New failures are piling up among the member-run health insurance co-ops carrying out one of the Affordable Care Act’s most idealistic goals, leaving just seven remaining when the health law’s fourth enrollment season starts in the fall.
There were 23 in 2014.
The public knows them as co-ops. They’re officially called consumer operated and oriented plans in the health law. Eleven are still in business, but four in Oregon, Ohio, Connecticut and Illinois will disappear by fall due to financial insolvency. Oregon’s Health Co-Op and Connecticut’s HealthyCT were told to close by their state’s regulators last week. Tuesday, the Land of Lincoln Mutual Health Insurance Co. in Illinois was ordered to close by state regulators.
For the rest — which all posted annual losses in 2015, according to the National Alliance of State Health Co-Ops — survival is job No. 1. Some are diversifying to serve larger employers, no longer limiting themselves to their ACA mandate to offer health plans to individuals and small businesses. A Maryland co-op has sued the federal government to avoid paying millions of dollars to other insurers under the ACA’s complex formula to keep premiums stable by balancing risks among insurers and helping ailing ones. Other co-ops are trying to renegotiate contracts with hospitals and other providers.
A year ago, when more than 20 co-ops were up and running, about 1 million Americans were insured through these plans. By contrast, the alliance says the seven co-ops that will remain in 2017 have about 350,000 members. Their supporters continue to tout them for cost-effective coverage, pointing to sources such as a recent report by the Government Accountability Office that found co-ops’ average monthly premiums in 2015 were below the averages for other plans in most areas.
“They are not essential for the success of the Affordable Care Act, but they do offer an important alternative to commercial insurers,” said Timothy Jost, a law professor at Washington and Lee University in Virginia and an expert on the health law.
Operated as nonprofits and seeded with federal loans, co-ops were conceived as an alternative to commercial insurance. Co-ops’ members serve on the board. Advocates envisioned co-ops spurring competition by giving Americans a way to buy health insurance from companies with a strong consumer focus.
But many struggled early — and their problems became part of the highly politicized debate over the law on Capitol Hill. Either they increased enrollments too fast, and then could not keep up with rising health costs, or they could not gain enough members to help spread their costs.

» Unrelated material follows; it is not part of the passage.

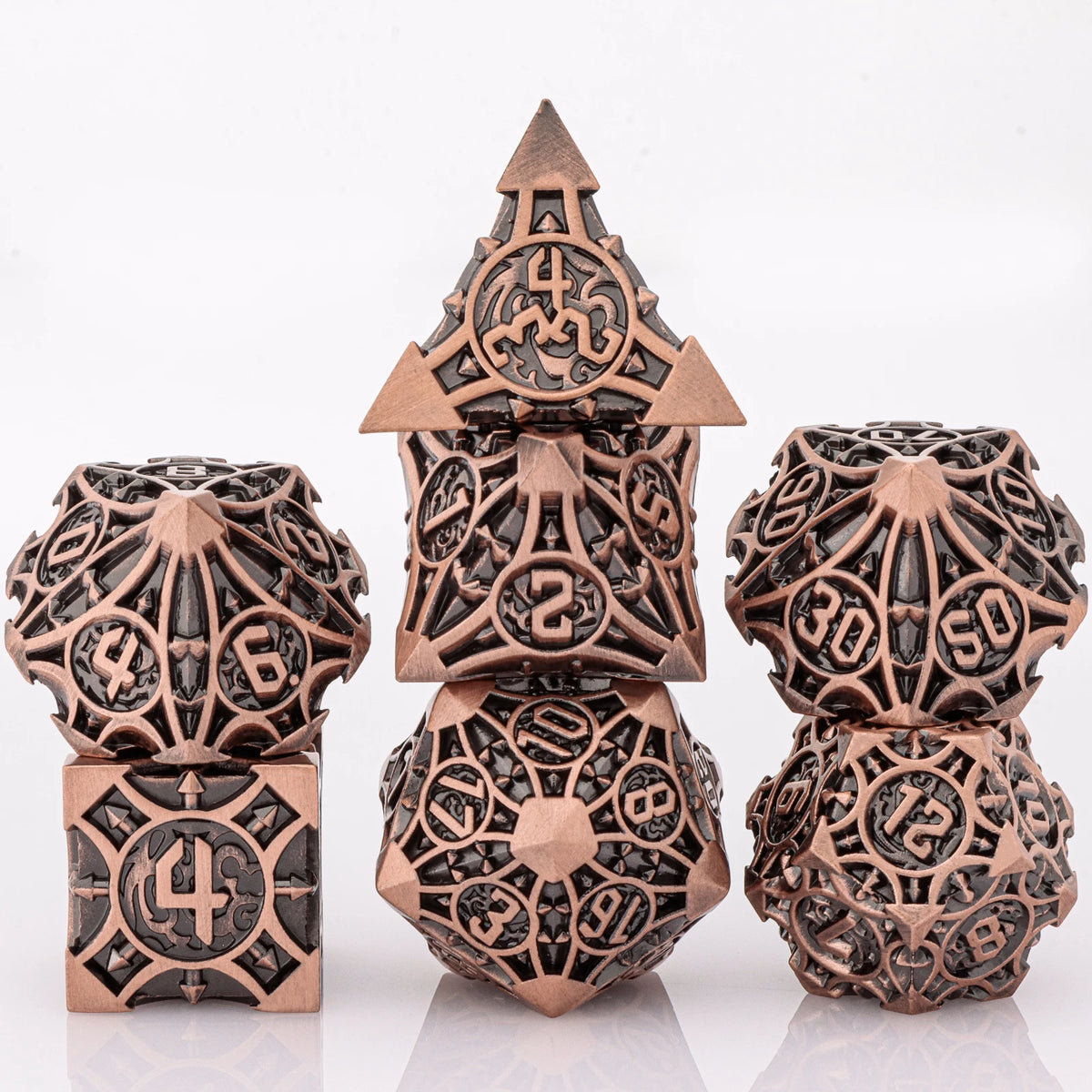 A set of seven intricately detailed metal dice featuring skull and dragon designs in a bronze color.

Shortfalls in anticipated levels of federal funding contributed, too. At the end of 2014, for example, insurers got blindsided when money they had counted on to offset losses was cut sharply from the ACA’s risk corridor program. That program transfers funds from participating insurers with high profits to those with high losses. The move disproportionately hurt small insurers, according to the nonpartisan Commonwealth Fund.
For the 2017 enrollment season, most co-ops have proposed increasing premiums, often by at least 10 percent. But raising premiums is only part of the solution.

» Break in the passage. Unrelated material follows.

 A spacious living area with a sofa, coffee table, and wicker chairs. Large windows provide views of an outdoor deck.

Maine’s co-op, Maine Community Health Options, has contracted with a new pharmacy benefit manager, Express Scripts, with the aim of saving about $14 million annually by paying lower drug prices.
It has 80,000 members, about 60 percent of the Obamacare marketplace in the state. But the co-op estimated it has less than 5 percent of the market when large employers are included, a group it now will court for new customers.
Maine Community Health is on track to make money, but not until 2017, said CEO Kevin Lewis.
New Mexico Health Connections, a co-op with 47,000 members, is seeking to raise money from investors, which the Obama administration only recently allowed co-ops to do, said the CEO, Dr. Martin Hickey. It’s also adding larger employers and labor groups, including some teacher unions, to its client base.
“The only way to survive is to diversify,” Hickey said.
Montana Health Co-Op, which has about 35,000 members in Idaho and Montana, is focused on holding down administrative costs. It has about 20 full-time employees and hasn’t replaced some that left. “Some people we had during our startup mode we figured we can now work without them,” said spokeswoman Karen Early.
Montana Health, which lost about $40 million in 2015, also has requested an average premium increase of 21 percent in Idaho for next year and 22 percent in Montana, she said.
Maryland’s co-op, Evergreen Health, is challenging the federal government’s decision last week ordering it to pay $24 million to other state insurers whose members had higher health risks in 2015.
In addition to the health law’s risk corridor program, which partially reimburses insurers for extreme losses, another provision requires insurers to make payments to competitors with sicker and costlier members. That is a sore point for Evergreen. The co-op, which has about 40,000 members, sued the government in June, alleging that the risk-adjustment system is flawed because it does not adequately measure risk. The lawsuit is pending in federal court and a decision is expected this summer.